Pretty Lady also offers a standard array of three-egg omelets, which might not be airy enough (or made with posh enough stuff) to qualify as masterpieces of the genre, but they’re hearty and workmanlike specimens. Together with a side of toast and crispy country-style hash browns, it’s the kind of breakfast that will keep you going until dinnertime.
On the sweet side of the menu, I wasn’t won over by the huge, somewhat leaden banana pancakes. The generous French toast plate, which comes with eggs and a choice of meat, is a better choice — a simple, home-style version of the breakfast staple, very eggy and soft, and dusted with cinnamon sugar. If Mom or Dad made French toast for you when you were a kid, there’s a decent chance it bore some resemblance to Son’s.

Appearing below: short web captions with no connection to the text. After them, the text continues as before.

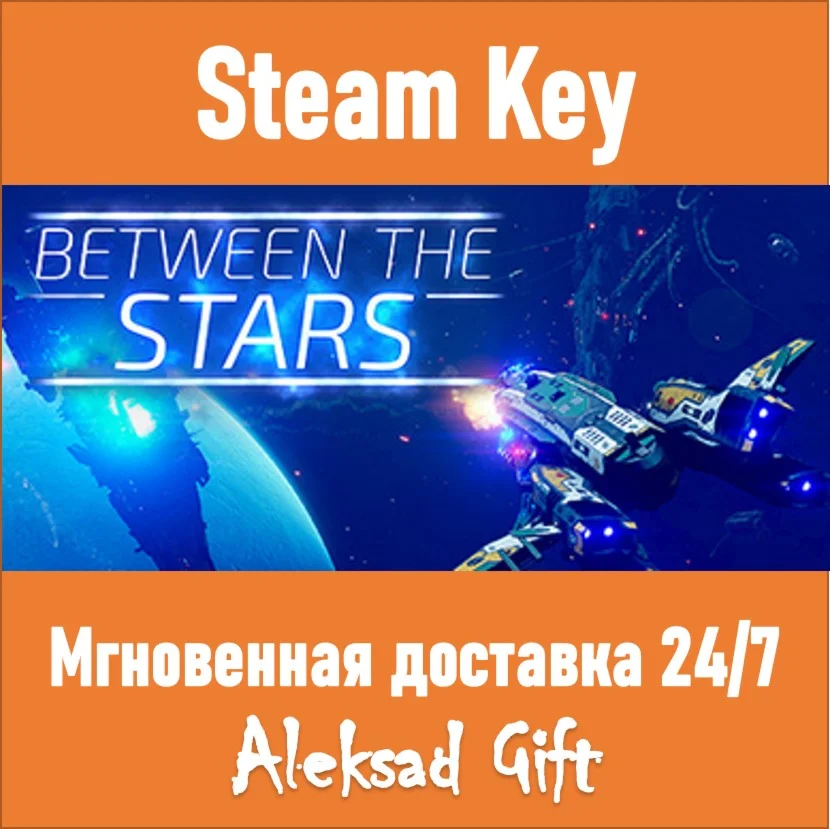 Between the Stars Steam ключ REGION FREE/GLOBAL +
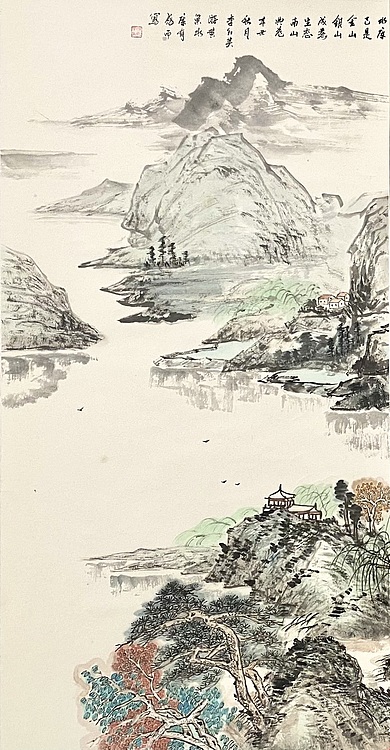 李红英 山东女书画家协会会员 《青山绿水》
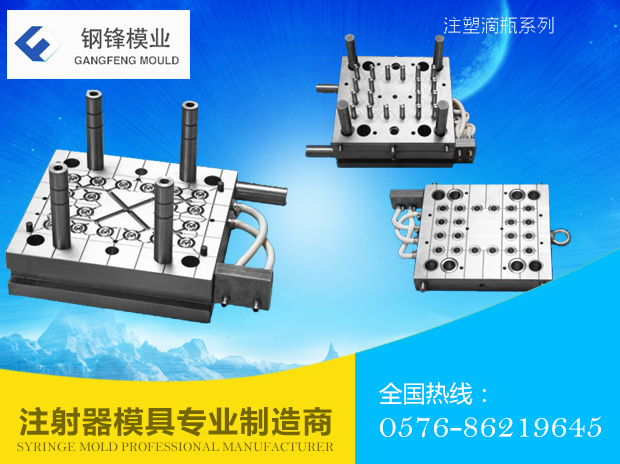 注射器模具廠家選鋼鋒模業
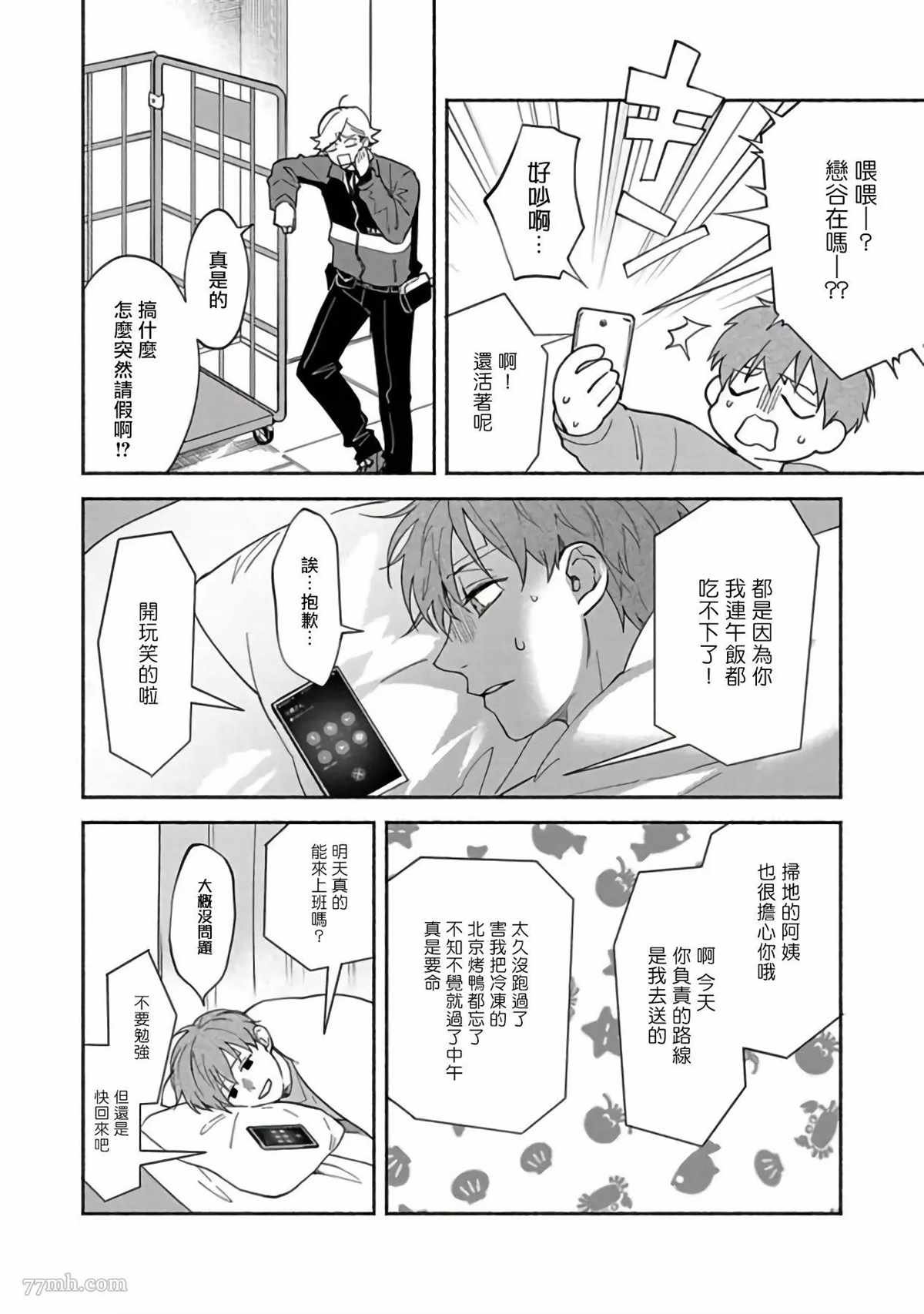 第5话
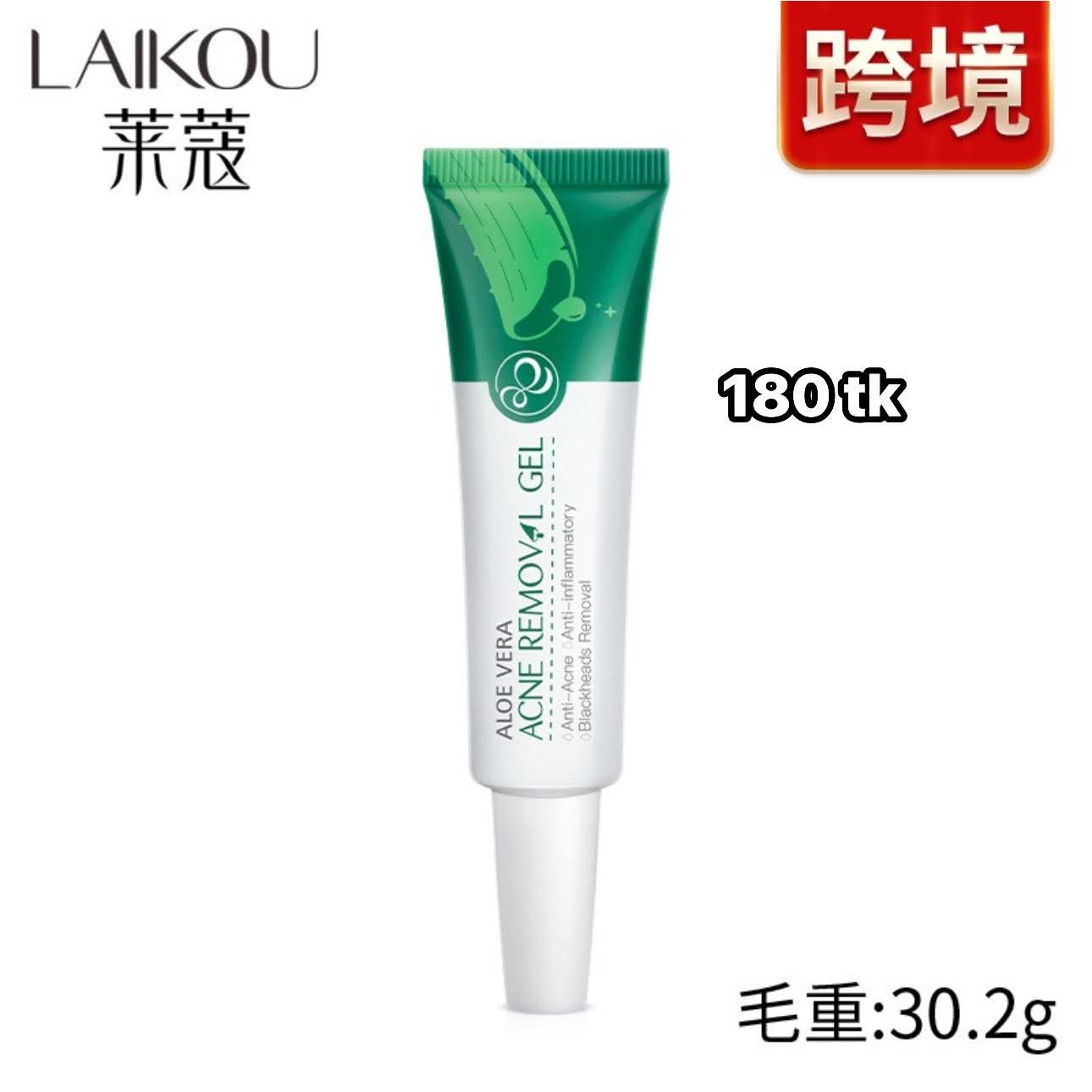 NS4810-Acnee Removal Gel_img_8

One of the restaurant’s signature lunch items is the cheesesteak, which, while not strictly traditional, was a close-enough approximation to satisfy this transplanted East Coaster’s cravings: plenty of thinly-sliced beef, Cheese Whiz (no frou-frou substitutions here), and sautéed onions, all heaped onto a soft, mottled Dutch Crunch roll.
Or, if you’re in more of an Asian-craving frame of mind, a rice plate featuring pork marinated in spicy-sweet Korean gochujang made for another filling, inexpensive lunch, though the pork wasn’t as tender as I would have liked. Feeling only halfway Asian? It’s not uncommon for customers to order their rice plates with French fries on the side; the health-conscious can stick to soup or salad. We asked Son to throw a couple of fried eggs on top, and you won’t regret doing the same.
Later, I learned of another off-menu special: bibimbap — a cobbled-together version of the classic Korean rice bowl, more or less traditional, but served on a plate rather than in the customary sizzling stone vessel.
Certainly there’s lots of better Korean food to be had in Oakland, and there are a few other places where you can get a proper greasy-spoon-style breakfast. But to be able to enjoy both cuisines side by side, seated at what is perhaps the most pleasant old-fashioned diner counter in town — and with such charming service? Pretty Lady is a rare gem indeed.
By the end of my first meal, I dispensed with knife and fork altogether, and ate the rest of my cheesy sausage omelet with chopsticks, snagging a piece of kimchi to go with every bite. The combination — a sort of practical, improvised Asian fusion rather than some cheffy conceit — felt as natural as Thanksgiving turkey with a side of Chinese sticky rice, or a burrito stuffed with Tater Tots. What child of immigrants doesn’t have cherished food memories such as these?
To me, quite simply, it felt like home.